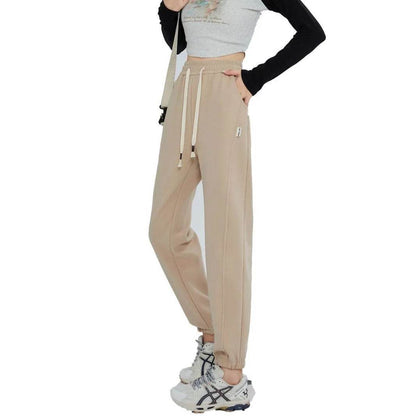 Fleece-lined Thickened Windproof Trousers Casual Pants For Women - www.Shopthatapp.com
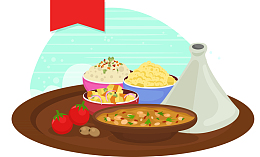 泰国美食矢量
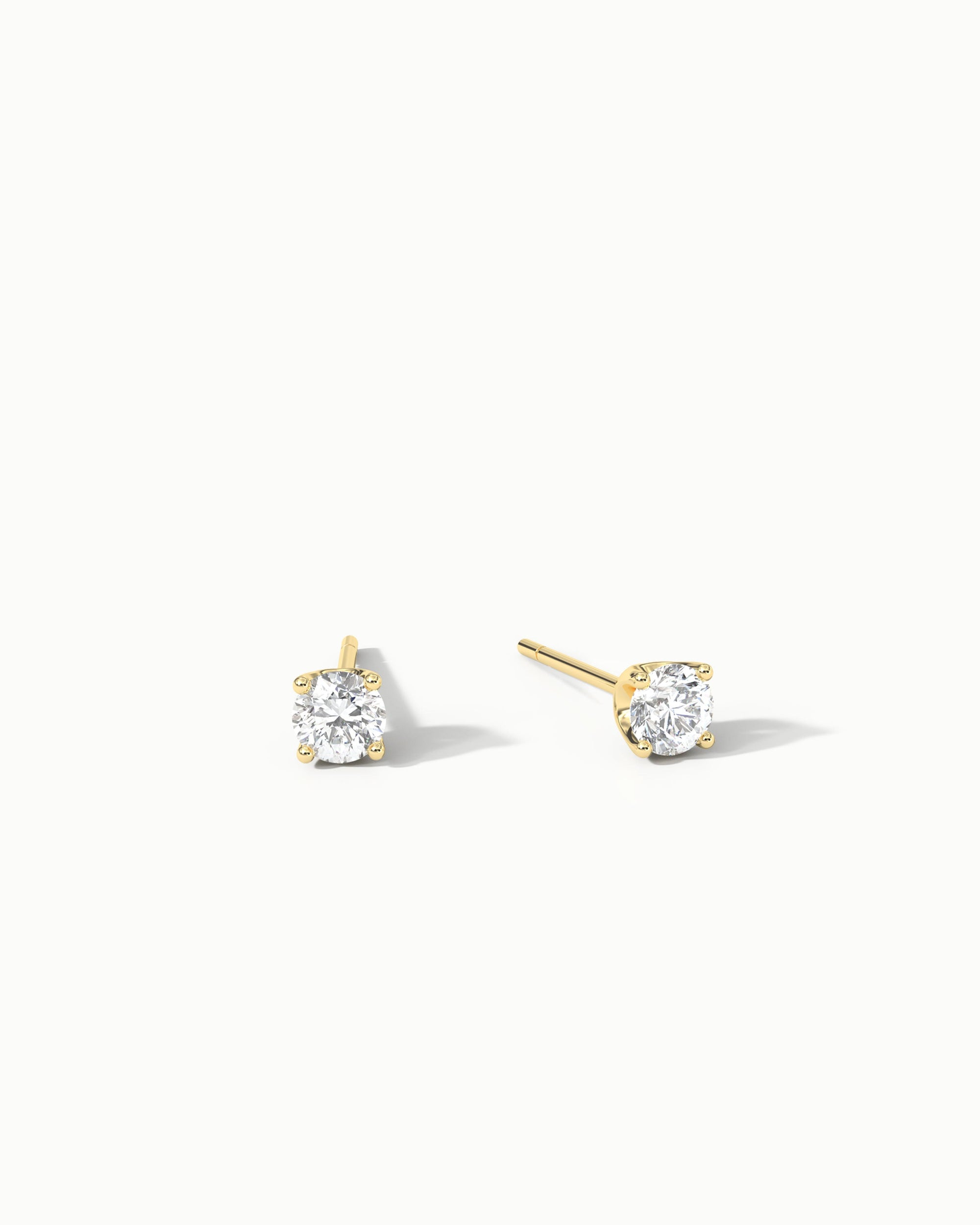 Siena II Mini Lab Grown Sapphire Stud Earrings Vermeil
══════════
## [Task requirements]
Every line above is to be written out unchanged, with the pictures omitted.

## [Reply to the task]
 Fleece-lined Thickened Windproof Trousers Casual Pants For Women - www.Shopthatapp.com
 泰国美食矢量
 Siena II Mini Lab Grown Sapphire Stud Earrings Vermeil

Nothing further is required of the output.